→ **Exercise aim**
Once you reach the line that contains "One of Frank's", retype it and each later line exactly as written, stopping only at the end of the listing.
--------
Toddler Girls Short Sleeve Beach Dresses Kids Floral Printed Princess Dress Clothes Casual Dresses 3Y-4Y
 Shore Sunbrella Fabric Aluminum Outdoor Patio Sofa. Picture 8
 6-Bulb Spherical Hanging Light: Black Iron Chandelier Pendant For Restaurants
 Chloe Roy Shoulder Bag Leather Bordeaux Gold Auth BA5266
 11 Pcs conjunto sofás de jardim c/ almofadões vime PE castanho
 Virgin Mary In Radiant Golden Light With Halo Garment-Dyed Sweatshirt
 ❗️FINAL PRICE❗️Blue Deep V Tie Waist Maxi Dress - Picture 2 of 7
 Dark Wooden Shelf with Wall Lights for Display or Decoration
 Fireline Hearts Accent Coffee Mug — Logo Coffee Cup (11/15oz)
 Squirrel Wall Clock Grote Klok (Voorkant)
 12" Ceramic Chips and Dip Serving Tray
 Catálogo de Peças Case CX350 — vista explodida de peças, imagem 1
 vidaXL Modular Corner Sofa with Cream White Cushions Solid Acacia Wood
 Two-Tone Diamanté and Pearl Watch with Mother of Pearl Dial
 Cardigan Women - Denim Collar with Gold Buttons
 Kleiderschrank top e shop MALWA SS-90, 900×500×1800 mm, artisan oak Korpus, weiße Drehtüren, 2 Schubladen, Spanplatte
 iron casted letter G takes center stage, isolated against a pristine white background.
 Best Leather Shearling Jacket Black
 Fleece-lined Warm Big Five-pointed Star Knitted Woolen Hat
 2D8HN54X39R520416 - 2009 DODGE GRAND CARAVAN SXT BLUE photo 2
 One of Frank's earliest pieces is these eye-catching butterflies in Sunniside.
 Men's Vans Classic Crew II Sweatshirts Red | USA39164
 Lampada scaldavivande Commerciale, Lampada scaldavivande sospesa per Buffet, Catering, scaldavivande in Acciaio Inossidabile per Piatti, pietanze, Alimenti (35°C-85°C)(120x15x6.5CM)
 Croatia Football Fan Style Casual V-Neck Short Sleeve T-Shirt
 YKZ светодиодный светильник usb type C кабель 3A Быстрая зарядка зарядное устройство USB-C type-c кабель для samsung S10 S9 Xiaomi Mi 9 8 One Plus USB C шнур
--------
→ **Solved exercise**
 One of Frank's earliest pieces is these eye-catching butterflies in Sunniside.
 Men's Vans Classic Crew II Sweatshirts Red | USA39164
 Lampada scaldavivande Commerciale, Lampada scaldavivande sospesa per Buffet, Catering, scaldavivande in Acciaio Inossidabile per Piatti, pietanze, Alimenti (35°C-85°C)(120x15x6.5CM)
 Croatia Football Fan Style Casual V-Neck Short Sleeve T-Shirt
 YKZ светодиодный светильник usb type C кабель 3A Быстрая зарядка зарядное устройство USB-C type-c кабель для samsung S10 S9 Xiaomi Mi 9 8 One Plus USB C шнур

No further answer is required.